# Plc con puerto serial



## OPMOTOR (Mar 28, 2011)

Saludos cordiales amigos del foro , en esta ocacion llego con la siguiente pregunta.

Tengo la necesidad de controlar un proceso industrial, el cual usa dos dispositivos que tienen puerto RS 232, 
El uno es un actuador que recibe ordenes de activacion por el puerto serial RS232.
El otro es una balanza que esta todo el tiempo dando lecturas de peso, las cuales las transmite por el puerto serial RS232.
Entonces yo necesito poder tener estas dos maquinas controladas y monitoreadas por un plc, 
Adicional a esto mi proceso utiliza 16 salidas digitales, 10 entradas digitales, 5 entradas analogicas.
La pregunta es que PLC me recomiendan para poder controlar mi proceso, 
Saludos.


----------



## pandacba (Abr 2, 2011)

Habria que tener en claro que necesitas con más presición, como es el control del actuador que tipo de oredenes debe recibir, supongo que debe tener que ver con pesaje y cierre y apertura de una tolva o algo semejante o algo nada que ver con lo que digo, pero en todo caso danso más detalles, ya que debido a la información necesaria probablemente no necesiste un PLC tipo S5 o S7 que me pareces sencillamente descomunal para lo que planteas, si puede ser el TWIDO de telemecanicque(Schneider) o incluso el Zelio, en ese rango también tenes el Millenium III que es espectacular con su potencia y el Logo! de siemens aunque por aqui hay un forista que solo trabaja con PLC y dira que el logo!, no pero yo lo he utilzado exahustivamente en control teneiendo equipo trabajando desde hace años controlando actuadores, neumpaticos, hidraulicos y electricos.... posiblemente nesesites alguan placa externa, primero habria que echar un vistazo a los modulos auxiliares, para ver cual tiene RS232, incluso es muy probable que tengan la RS485 que es la industrial, bueno pasanos más datos un diagrma que nos reprsete baicamente el trabajo que debe llevar a cabo asi en base a eso vemos que cantidad de etradas salidas son necesaria y de que tipo y cual de todos ellos se adecua mejro a tus necesidades


----------



## OPMOTOR (Abr 10, 2011)

Ok 
Voy a detallar la aplicacion que tengo 
Voy a utilizar el software de control de procesos OpenAPC
http://www.openapc.com/
El cual va a controlar y recibir informacion de tres dispositivos
1. Modulo isla de adquisicion de datos ADvantys OTB1S0DM9LP  Modbus TCP
2. Recibir datos de una balanza por puerto Rs232
3. Enviar datos a un controlador por puerto Rs232

Quiero que me ayuden a ver como puedo conectar el modulo Advantys al software OpenAPc. le he visto pero no le veo como, quiero poder conectar mediante modbus TCP.
Si alguien le puede lograr conectar y controlar usando Modbus TCP con cualquier dispositivo que soporte el protocolo , digame como le conecto , para poder acoplarlo al Advantys ...
Igual sigo estudiando y les comunicare los progresos...


----------



## pandacba (Abr 10, 2011)

Hola optomor como estas...
Fijate si no hay alguna confusión, porque yo al *ADvantys OTB1S0DM9LP Modbus TCP* lo tengo solo como un modulo de interface, puede que ese modulo este conectado a la placa de adqusición de datos?

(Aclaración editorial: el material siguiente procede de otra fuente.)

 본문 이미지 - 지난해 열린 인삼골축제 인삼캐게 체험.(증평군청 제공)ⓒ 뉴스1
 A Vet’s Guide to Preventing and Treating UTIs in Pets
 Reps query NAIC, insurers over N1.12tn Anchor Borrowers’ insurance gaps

Hay un modbus que tiene interfase a RS48-RS232 serie que es el que vos necesitarias


----------



## OPMOTOR (Abr 11, 2011)

Hola amigos les mando un esquematico de lo que queremos hacer.

Como comento lo que necesito es poder ver como comunicar el modulo con el software usando MODBUS TCP 

Saludos.

Nota: No es tanto el diagrama del proceso, es mas una idea del control.


----------



## pandacba (Abr 13, 2011)

Bueno ahora se entiende mejor, y dado que el soft soporta varios protocolos, lo que tenes que ver es la distancia entre los elementos y si los protocolos elegidos son los adecuados, hay otras formas de conectarse y telemecanique ofrece todo lo necesario para ello, habria que ver que tienes de todo eso


----------